== Data for analysis ==
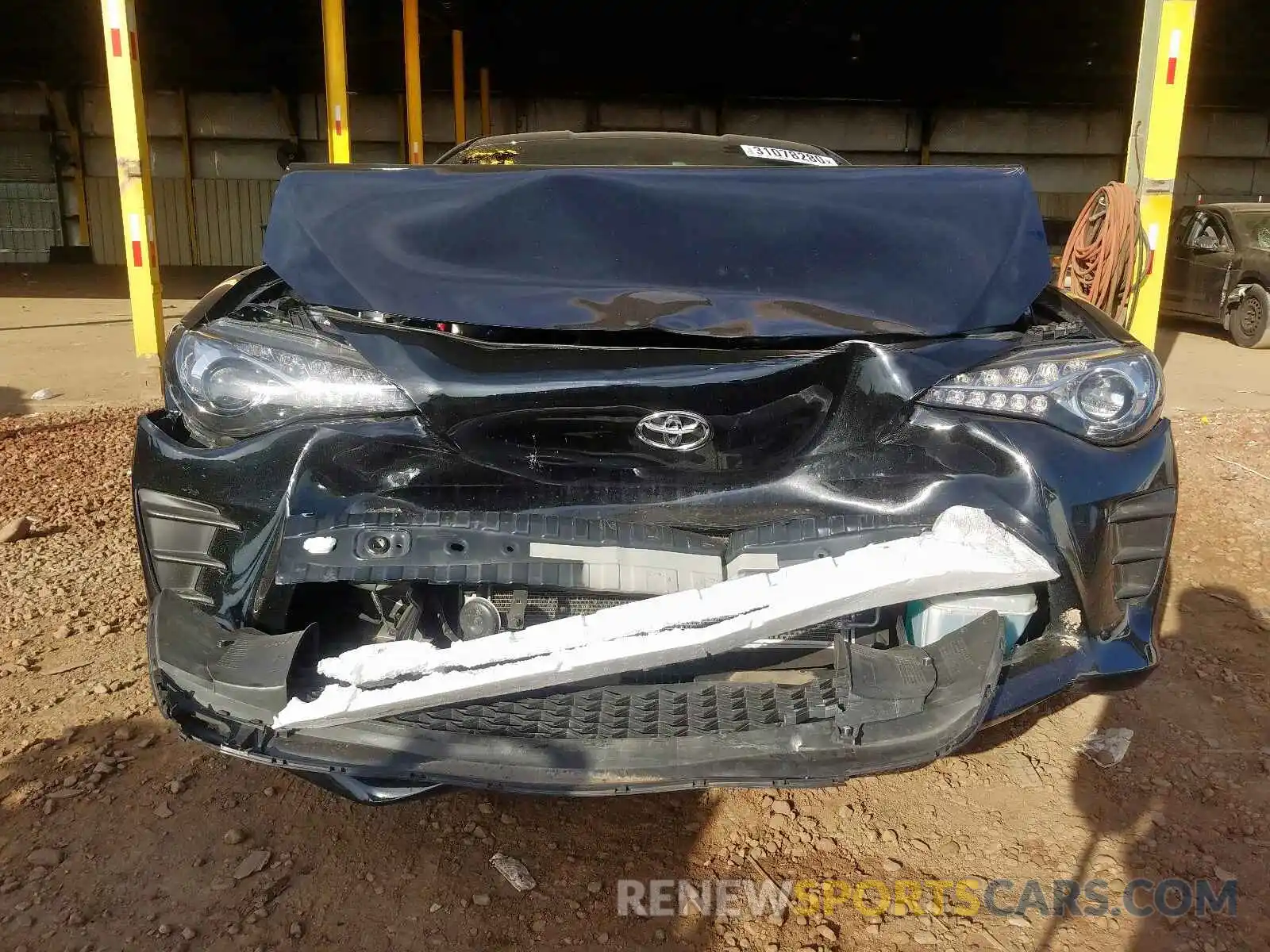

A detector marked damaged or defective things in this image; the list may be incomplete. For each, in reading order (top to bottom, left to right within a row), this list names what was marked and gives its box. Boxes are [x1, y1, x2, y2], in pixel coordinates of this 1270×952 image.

crumpled hood [260, 163, 1051, 340]
damaged car [133, 132, 1173, 807]
broken plastic panel [275, 510, 1051, 736]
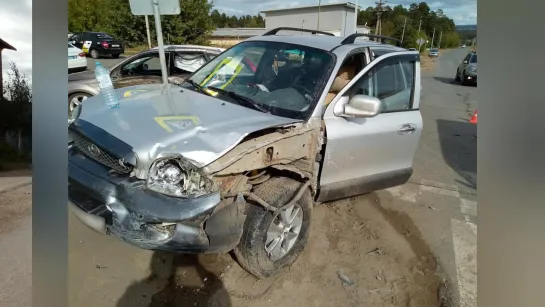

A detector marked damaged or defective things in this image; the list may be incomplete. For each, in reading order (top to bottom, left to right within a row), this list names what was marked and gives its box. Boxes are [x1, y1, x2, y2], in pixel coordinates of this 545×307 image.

cracked windshield [184, 42, 332, 119]
crushed front bumper [68, 149, 246, 253]
damaged headlight [149, 158, 219, 199]
bent hood [74, 84, 300, 171]
severely damaged car [68, 28, 422, 280]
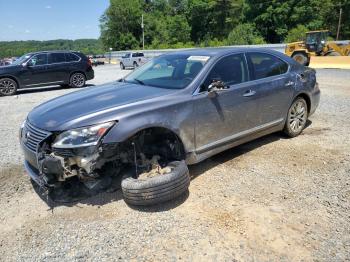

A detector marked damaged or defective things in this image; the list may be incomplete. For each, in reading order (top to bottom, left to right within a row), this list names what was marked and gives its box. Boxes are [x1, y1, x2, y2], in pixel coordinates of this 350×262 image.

detached tire on ground [121, 161, 190, 206]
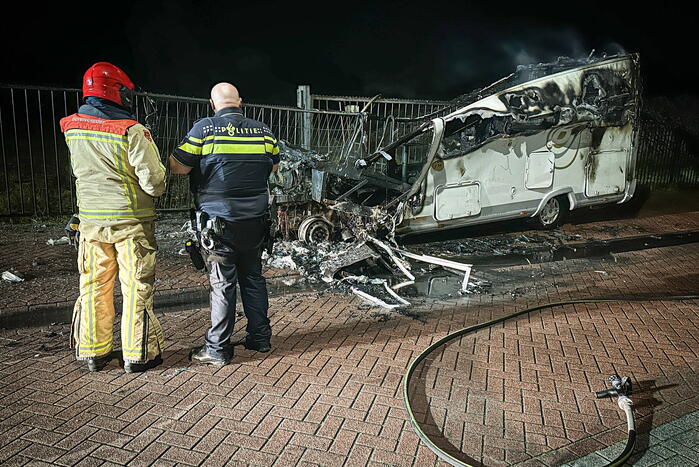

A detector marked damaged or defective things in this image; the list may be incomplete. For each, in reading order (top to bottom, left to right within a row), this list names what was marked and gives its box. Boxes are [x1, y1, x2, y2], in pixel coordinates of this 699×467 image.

charred camper body [270, 55, 644, 241]
burned camper van [270, 55, 644, 243]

== Problem requirements ==
Only the lines from the one with "this 699×467 image." through the end of the data belong in the answer, each reproduced exactly.

== Problem solution ==
A detector marked damaged or defective things in this image; the list may be incomplete. For each, in reading order (top to bottom, left to right within a row), this list names what was marked and gives its box. Boxes are [x1, y1, x2, y2], in pixel coordinates of this 699×467 image.

charred camper body [270, 55, 644, 241]
burned camper van [270, 55, 644, 243]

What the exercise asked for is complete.